Zooko has started work on reducing the dirnode updates, by adding an HTTP interface to IDirectoryNode.set_uris() (allowing the HTTP client to add multiple children at once). Mike is going make the winFUSE plugin split the upload process into separate upload-file-get-URI and dirnode-add-child phases, which will make it possible for him to implement the Nagle-like timer and batch the updates.
comment:7 Changed at 2008-02-29T04:13:43Z by warner
Oh, we also noticed a large number of t=json queries being submitted by the winFUSE plugin. At the beginning of the test (when the directory only had a few entries, and updates took about 3 seconds), we were seeing about 5 such queries per child entry. All of these queries require a directory fetch, and most resulted in a 404 because the target filename wasn't present in the directory. When dirnode updates started taking longer (10 seconds), we saw fewer of these per update (maybe 1).

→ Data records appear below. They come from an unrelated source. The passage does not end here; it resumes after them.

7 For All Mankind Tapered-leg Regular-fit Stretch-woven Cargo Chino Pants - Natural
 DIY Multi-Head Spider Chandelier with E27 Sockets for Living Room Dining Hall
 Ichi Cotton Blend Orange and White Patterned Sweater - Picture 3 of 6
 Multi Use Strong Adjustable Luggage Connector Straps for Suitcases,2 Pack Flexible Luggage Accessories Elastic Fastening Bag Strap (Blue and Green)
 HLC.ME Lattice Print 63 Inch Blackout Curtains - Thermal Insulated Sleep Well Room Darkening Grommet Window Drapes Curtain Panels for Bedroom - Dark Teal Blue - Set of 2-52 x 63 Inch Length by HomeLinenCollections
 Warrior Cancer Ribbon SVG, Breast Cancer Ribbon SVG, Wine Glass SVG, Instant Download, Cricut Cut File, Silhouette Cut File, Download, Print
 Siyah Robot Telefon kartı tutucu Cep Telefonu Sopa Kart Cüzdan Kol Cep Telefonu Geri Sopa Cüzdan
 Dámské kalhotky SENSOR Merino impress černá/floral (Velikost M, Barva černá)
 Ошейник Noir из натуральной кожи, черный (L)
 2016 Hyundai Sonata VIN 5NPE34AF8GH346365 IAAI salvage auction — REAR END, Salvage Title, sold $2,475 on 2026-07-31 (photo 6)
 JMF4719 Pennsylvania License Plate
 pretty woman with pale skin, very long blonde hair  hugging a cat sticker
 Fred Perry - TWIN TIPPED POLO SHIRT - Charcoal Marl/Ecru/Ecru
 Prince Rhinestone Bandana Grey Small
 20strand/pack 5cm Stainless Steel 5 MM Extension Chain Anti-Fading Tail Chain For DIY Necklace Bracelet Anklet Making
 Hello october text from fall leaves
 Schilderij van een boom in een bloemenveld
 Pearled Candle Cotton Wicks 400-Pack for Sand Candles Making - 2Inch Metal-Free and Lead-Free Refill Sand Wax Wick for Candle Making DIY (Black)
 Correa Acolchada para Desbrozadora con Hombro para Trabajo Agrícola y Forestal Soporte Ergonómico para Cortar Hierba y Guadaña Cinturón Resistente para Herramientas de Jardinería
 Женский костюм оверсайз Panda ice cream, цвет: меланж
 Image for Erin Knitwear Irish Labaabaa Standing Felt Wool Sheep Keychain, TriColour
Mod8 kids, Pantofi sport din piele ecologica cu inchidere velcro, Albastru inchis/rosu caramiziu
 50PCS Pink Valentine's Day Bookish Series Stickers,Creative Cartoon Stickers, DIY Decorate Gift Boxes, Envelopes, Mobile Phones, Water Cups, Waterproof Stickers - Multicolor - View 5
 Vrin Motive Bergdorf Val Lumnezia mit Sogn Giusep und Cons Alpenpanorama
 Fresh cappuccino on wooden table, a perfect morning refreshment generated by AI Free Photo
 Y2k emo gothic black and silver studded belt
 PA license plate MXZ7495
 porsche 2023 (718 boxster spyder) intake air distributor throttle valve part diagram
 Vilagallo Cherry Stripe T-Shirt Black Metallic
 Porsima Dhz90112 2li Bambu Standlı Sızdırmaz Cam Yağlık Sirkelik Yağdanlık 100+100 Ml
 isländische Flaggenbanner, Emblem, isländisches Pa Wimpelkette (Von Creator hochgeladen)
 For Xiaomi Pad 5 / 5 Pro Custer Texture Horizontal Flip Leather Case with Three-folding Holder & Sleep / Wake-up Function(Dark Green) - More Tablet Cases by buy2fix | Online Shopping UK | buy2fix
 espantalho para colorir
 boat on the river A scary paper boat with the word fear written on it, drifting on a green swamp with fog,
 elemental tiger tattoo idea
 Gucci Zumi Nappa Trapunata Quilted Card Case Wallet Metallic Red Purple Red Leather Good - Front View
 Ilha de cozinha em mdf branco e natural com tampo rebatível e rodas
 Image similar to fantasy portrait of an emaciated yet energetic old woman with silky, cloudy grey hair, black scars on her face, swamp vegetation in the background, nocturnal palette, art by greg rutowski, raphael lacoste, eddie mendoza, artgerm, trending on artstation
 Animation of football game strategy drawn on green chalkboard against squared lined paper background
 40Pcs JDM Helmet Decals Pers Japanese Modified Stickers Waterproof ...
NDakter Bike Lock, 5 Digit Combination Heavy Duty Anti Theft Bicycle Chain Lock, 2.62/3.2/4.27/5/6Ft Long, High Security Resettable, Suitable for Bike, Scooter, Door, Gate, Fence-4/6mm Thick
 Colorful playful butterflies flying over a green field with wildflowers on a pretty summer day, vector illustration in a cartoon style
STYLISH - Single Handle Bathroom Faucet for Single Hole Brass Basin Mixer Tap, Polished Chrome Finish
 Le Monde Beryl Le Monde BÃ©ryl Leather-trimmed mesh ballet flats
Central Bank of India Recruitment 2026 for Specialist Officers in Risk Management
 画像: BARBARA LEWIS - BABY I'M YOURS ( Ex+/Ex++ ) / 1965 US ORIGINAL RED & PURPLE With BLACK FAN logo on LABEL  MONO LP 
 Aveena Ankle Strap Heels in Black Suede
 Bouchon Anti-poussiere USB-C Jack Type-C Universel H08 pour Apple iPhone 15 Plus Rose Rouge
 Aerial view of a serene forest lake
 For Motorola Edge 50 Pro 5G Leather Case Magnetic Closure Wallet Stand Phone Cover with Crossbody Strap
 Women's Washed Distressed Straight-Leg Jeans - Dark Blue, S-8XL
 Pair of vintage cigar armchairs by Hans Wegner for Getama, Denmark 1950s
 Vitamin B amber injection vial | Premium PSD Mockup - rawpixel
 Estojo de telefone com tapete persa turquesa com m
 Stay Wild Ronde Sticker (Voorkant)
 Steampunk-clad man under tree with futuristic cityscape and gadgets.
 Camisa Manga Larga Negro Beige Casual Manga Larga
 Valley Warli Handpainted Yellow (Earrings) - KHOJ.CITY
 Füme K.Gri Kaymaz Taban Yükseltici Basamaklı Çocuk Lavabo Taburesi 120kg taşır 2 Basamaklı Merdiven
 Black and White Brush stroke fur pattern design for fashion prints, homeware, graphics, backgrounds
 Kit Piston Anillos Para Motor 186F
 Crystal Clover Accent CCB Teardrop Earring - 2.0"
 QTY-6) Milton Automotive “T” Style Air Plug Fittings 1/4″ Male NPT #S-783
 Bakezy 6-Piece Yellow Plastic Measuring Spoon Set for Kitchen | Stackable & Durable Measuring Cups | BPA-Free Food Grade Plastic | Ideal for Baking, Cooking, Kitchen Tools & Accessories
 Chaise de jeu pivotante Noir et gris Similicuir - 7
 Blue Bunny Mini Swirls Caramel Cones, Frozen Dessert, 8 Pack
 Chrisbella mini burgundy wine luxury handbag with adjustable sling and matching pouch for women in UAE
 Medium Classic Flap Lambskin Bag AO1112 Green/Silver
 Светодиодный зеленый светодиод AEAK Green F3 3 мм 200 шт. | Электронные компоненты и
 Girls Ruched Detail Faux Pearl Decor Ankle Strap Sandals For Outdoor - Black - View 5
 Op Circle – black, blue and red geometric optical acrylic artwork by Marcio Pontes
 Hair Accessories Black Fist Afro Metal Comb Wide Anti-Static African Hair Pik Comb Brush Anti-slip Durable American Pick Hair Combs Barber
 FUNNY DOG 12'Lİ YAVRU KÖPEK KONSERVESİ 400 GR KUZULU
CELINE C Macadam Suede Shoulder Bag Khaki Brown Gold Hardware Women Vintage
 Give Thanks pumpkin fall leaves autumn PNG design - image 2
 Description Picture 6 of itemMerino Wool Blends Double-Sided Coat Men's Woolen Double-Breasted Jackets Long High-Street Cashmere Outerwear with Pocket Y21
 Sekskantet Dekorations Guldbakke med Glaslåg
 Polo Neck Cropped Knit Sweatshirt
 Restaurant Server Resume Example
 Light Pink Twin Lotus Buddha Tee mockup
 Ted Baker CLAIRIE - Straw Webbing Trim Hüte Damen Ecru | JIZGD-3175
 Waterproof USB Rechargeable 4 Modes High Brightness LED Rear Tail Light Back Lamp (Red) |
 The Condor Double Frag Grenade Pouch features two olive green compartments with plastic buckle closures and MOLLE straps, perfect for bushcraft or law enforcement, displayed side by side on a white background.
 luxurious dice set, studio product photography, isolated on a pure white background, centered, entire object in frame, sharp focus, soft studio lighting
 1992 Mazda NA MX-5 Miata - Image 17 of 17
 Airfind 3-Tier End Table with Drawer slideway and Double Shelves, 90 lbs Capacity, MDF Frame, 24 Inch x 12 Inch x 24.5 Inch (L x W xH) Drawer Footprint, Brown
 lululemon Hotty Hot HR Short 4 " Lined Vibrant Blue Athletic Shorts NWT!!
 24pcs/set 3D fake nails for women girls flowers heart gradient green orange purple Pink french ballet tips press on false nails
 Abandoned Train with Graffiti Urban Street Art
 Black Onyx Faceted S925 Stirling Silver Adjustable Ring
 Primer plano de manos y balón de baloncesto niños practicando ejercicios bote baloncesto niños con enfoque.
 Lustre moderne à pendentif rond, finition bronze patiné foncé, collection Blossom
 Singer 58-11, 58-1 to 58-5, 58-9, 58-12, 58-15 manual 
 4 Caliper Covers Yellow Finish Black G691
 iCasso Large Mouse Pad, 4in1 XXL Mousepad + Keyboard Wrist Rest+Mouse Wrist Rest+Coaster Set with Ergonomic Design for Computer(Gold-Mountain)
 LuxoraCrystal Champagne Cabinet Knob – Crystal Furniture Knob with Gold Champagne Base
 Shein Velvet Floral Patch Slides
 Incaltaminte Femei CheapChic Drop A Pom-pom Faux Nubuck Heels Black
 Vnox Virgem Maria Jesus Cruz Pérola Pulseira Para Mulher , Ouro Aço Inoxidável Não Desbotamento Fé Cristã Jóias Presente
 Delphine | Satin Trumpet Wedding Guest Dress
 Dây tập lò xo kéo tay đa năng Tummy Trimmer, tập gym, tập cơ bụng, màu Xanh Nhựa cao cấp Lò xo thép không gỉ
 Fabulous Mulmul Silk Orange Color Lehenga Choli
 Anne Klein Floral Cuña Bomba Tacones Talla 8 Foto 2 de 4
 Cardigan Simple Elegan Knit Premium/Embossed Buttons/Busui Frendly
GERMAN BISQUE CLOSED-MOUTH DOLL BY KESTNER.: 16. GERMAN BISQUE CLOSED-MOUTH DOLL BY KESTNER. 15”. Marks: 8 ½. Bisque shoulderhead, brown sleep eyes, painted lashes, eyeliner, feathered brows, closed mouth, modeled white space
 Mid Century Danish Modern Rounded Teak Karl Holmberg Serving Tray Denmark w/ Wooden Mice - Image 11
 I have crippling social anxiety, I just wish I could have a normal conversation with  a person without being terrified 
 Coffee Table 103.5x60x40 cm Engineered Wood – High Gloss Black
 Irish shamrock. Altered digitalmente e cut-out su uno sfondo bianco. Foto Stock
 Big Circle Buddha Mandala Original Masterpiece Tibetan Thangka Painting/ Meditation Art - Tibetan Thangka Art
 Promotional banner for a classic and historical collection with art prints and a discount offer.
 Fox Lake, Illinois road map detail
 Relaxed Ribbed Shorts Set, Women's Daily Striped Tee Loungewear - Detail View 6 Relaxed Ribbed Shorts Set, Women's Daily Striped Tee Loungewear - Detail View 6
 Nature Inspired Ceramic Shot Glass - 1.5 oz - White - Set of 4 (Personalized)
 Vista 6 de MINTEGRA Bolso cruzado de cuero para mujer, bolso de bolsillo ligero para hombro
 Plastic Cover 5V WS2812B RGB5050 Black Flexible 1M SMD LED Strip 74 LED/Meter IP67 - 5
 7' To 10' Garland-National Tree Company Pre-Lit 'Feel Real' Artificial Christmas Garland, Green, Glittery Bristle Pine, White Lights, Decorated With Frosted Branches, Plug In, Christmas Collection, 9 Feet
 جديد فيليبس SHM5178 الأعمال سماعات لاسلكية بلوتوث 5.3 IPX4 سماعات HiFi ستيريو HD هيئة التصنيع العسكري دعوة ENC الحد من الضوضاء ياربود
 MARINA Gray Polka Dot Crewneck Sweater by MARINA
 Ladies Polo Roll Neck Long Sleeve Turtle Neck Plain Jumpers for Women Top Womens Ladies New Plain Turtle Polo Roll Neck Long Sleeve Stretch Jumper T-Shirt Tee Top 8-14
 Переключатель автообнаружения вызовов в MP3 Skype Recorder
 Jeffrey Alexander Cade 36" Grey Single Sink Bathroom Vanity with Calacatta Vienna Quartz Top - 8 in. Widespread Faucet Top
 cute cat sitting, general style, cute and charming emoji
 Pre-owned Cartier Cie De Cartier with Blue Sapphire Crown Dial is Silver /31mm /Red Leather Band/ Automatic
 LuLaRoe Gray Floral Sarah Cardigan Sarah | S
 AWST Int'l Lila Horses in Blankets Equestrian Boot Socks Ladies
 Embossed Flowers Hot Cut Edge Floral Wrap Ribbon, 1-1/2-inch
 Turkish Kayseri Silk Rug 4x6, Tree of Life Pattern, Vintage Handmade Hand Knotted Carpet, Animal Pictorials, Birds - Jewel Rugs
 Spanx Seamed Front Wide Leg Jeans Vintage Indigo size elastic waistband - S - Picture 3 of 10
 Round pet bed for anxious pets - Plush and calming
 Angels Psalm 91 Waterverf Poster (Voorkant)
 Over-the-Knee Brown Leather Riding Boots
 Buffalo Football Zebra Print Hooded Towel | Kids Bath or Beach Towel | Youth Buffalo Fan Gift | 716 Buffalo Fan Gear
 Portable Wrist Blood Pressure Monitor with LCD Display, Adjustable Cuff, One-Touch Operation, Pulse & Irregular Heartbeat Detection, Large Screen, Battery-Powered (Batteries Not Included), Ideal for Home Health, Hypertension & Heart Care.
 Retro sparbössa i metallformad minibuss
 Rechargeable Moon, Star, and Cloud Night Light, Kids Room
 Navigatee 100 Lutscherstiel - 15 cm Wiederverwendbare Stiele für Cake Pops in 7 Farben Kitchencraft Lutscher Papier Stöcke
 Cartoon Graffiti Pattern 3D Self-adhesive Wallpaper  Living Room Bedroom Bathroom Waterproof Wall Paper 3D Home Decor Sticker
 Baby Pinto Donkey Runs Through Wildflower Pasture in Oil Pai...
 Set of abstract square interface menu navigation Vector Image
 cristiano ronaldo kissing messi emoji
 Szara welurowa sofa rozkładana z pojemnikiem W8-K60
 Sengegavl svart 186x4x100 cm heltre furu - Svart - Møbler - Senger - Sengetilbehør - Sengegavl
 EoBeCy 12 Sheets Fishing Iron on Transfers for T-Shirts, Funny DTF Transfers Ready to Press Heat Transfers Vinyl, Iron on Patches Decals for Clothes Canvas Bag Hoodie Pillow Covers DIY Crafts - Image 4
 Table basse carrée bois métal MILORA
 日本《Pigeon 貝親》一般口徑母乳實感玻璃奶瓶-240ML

Early in the test, these queries took 210ms each. At the end of the test they take one or two seconds each. This might represent 15%-30% of the time spent doing the dirnode updates.
The plugin should do fewer of these queries: they are consuming network bandwidth and slowing down the directory update. If it is doing them to see if the file has been added to the directory yet, then it would be far more efficient to simply wait for the response to the PUT call. If they are being done for some other reason, then we should consider some sort of read cache to reduce their impact.
comment:8 Changed at 2008-03-10T19:42:17Z by zooko
- Owner set to booker
MikeB: is this issue handled Well Enough for v0.9.0 now?
comment:9 Changed at 2008-03-13T03:43:51Z by zooko
- Resolution set to fixed
- Status changed from new to closed
This issue is somewhat improved, and is hereby considered Good Enough for allmydata.org "Tahoe" v0.9.0.
(Further performance tuning might be applied before the Allmydata.com 3.0 product release, but that can be done after the allmydata.org "Tahoe" v0.9.0 release.)
It's too bad we didn't implement #273 -- "How does tahoe handle lots of simultaneous file-upload tasks?" -- before now. If we had, then we would know already how the Tahoe node itself handles this load.